Newt Gingrich’s campaign manager and a half-dozen senior advisers resigned on Thursday, two aides said, dealing a significant setback to his bid to seek the Republican presidential nomination and severely complicating his plan to make a political comeback.
The campaign manager, Rob Johnson, along with longtime spokesman Rick Tyler and advisers in Iowa, New Hampshire and South Carolina, joined together to step down after a period of deep internal disagreements about the direction of the campaign.
Mr. Gingrich, a former House speaker who has been fighting to regain his political footing after a rough campaign roll out last month, had been absent from the campaign trail for about two weeks on what aides had described as a pre-planned vacation. He made his first return to the campaign trail on Wednesday in New Hampshire, one day before the resignations were announced.

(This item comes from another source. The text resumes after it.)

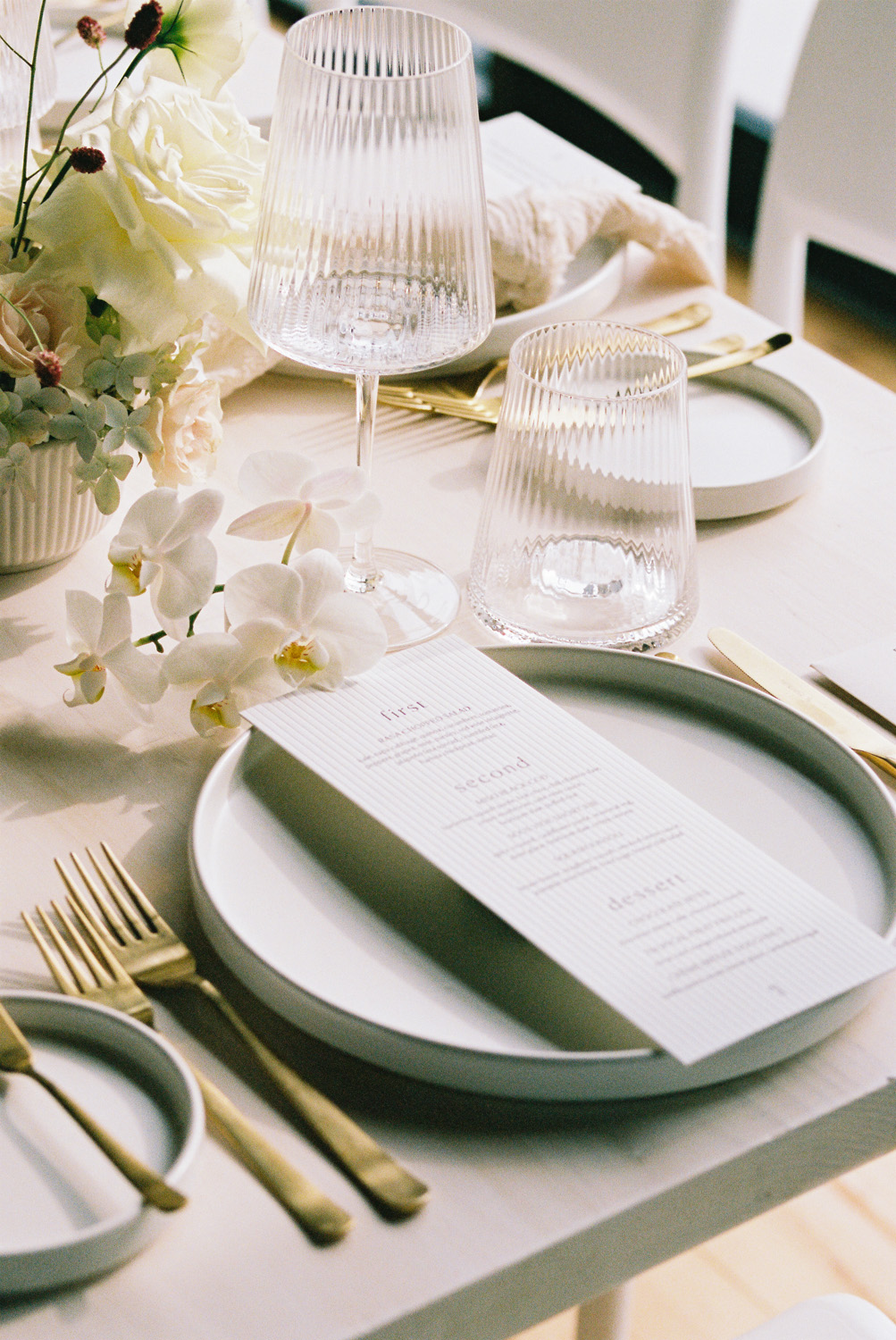 modern all white place setting and menu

The defections included several veteran Gingrich political advisers, along with new aides who were recently hired. The list, according to two aides, included: David Carney, a New Hampshire-based political strategist, Sam Dawson, a strategist, Katon Dawson, a South Carolina consultant and Craig Schoenfeld, an Iowa consultant.
The resignations were first reported on Thursday afternoon by The Associated Press. Two aides, speaking on condition of anonymity, confirmed the resignations to The New York Times. The aides said the future of Mr. Gingrich’s campaign was not immediately clear.
In a statement posted on his Facebook page Thursday afternoon, Mr. Gingrich said he would not abandon his presidential campaign. He said that his next public appearance would be this week in California at an event sponsored by the Republican Jewish Coalition.
“I am committed to running the substantive, solutions-oriented campaign I set out to run earlier this spring,” Mr. Gingrich wrote. “The campaign begins anew Sunday in Los Angeles.”
The shakeup comes as the field of Republican presidential candidates remains unsettled. Two of the advisers to Mr. Gingrich also have been top political aides to Gov. Rick Perry of Texas, who is taking a second look at exploring the party’s presidential nomination.